Joseph Steger, retired president of the University of Cincinnati, said Tuesday that he had his first informal meeting with Mayor Charlie Luken on Monday.
Luken asked him to head the Budget Task Force on Cincinnati Public Schools last month after receiving a letter from school Superintendent Alton Frailey, asking for his help with what Frailey called the district's financial crisis.
Luken and Steger haven't established a timeline or procedures, but Steger said the commission's work could take eight months to a year.
The work might require as many as 25 people, including commission members and people from different financial and business sectors helping with the examination, Steger said.
"We're going to be getting help," he said. "Some of the organizations in town are going to have to loan us people," such as auditors and financial experts.
Luken and Frailey said the commission is necessary to help the 38,800-student school district find ways to operate more efficiently and stay within budget while also improving academic achievement.
The announcement came just two weeks after school officials acknowledged overspending the district's $436.4 million 2003-04 budget by almost $22 million. The district tapped into reserves to pay for the overruns.
School board members on Monday passed the district's 2004-05 budget. Despite declining enrollment, the $469.4 million budget was $11.3 million more than the district spent last year.
Steger said he plans to look at all areas of the district's finances, including the budget and CPS' $1 billion, 10-year school construction project, to see if the building plan and budgetary spending coincide with the district's declining enrollment.
He said he will give frequent reports to the public but might want to have some off-the-record discussions with commission members. Steger said he couldn't be specific because the details haven't been worked out and Luken left town Tuesday for a week.
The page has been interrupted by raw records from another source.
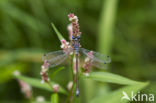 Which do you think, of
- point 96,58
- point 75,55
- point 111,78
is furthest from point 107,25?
point 111,78

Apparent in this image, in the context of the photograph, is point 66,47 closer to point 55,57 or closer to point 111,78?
point 55,57

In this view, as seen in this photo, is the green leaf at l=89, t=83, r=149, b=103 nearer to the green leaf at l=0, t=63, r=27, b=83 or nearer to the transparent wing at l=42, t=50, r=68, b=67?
the transparent wing at l=42, t=50, r=68, b=67

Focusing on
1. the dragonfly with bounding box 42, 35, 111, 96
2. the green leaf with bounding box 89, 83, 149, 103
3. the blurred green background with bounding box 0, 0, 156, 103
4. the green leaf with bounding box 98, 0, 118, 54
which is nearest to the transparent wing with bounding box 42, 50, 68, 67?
the dragonfly with bounding box 42, 35, 111, 96

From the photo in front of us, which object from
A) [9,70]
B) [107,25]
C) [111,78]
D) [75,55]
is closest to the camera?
[111,78]

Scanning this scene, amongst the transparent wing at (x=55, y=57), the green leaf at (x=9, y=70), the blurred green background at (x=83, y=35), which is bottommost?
the transparent wing at (x=55, y=57)

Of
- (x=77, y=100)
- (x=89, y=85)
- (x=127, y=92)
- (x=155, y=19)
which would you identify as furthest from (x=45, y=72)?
(x=155, y=19)

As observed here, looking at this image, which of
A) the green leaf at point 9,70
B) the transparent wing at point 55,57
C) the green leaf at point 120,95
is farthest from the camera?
the green leaf at point 9,70

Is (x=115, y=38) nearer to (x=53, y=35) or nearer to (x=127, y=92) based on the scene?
(x=53, y=35)

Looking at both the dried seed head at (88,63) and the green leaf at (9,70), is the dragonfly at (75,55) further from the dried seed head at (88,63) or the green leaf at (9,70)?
the green leaf at (9,70)

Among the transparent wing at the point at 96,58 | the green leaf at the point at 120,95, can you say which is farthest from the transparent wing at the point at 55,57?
the green leaf at the point at 120,95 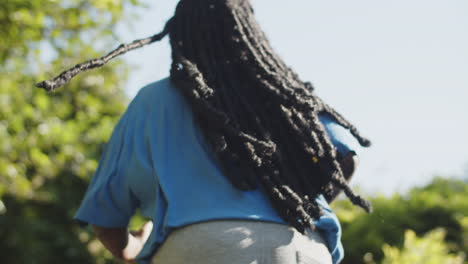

Steger said he won't decide who will serve on the commission until Luken returns.
A year might be too long to wait for the financial report, said school board member Catherine Ingram, who added that she welcomes the expertise.
"If the renewal levy doesn't pass, that changes the picture of what we're working with completely and the expediency with which we have to work," she said.
The district placed a $65 million, five-year levy renewal on the November ballot. The issue won't raise taxes. Owners of a $100,000 home pay $299 a year for the levy. If it doesn't pass, officials say they must cut $32.5 million from the 2005-06 budget and $65 million annually after that.
Ingram, who chairs the school board's finances committee, said Luken and Steger have not contacted her. Most of the seven board members were surprised when Frailey and Luken announced the formation of the commission last month.
She said she hopes the commission considers not just spending, but how spending affects academic achievement.
Steger said Luken's request to have him head the commission "came out of the blue," but he agreed, in part, because he has a history and expertise in education.
"I think that if we have the expertise at the university and in the business community that we can throw at it, then we can help the system," he said.